*** Opening of Source data ***

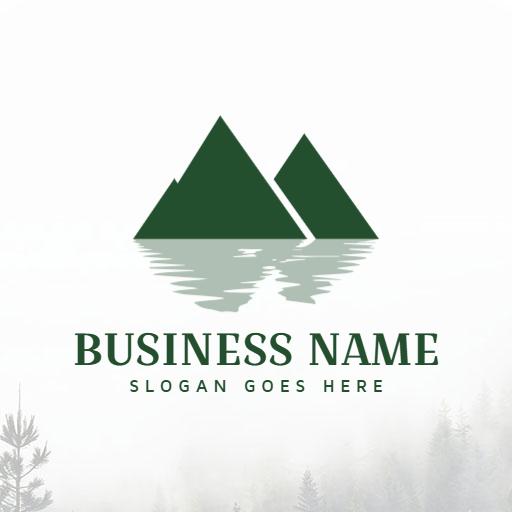 Captivating Green Mountain Reflection Over Still Water Logo Template
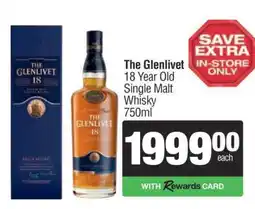 Spar Tops The Glenlivet 18 Year Old Single Malt Whisky 750ml offer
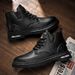 Autumn Casual Short British Style High-top Lace-up Leather Martin Boots Sports Men's Shoes_viptrois.com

*** Close of Source data ***

• What you will do:
Write out the whole listing exactly as it appears, and omit the pictures.

• Result for this exercise:
 Captivating Green Mountain Reflection Over Still Water Logo Template
 Spar Tops The Glenlivet 18 Year Old Single Malt Whisky 750ml offer
 Autumn Casual Short British Style High-top Lace-up Leather Martin Boots Sports Men's Shoes_viptrois.com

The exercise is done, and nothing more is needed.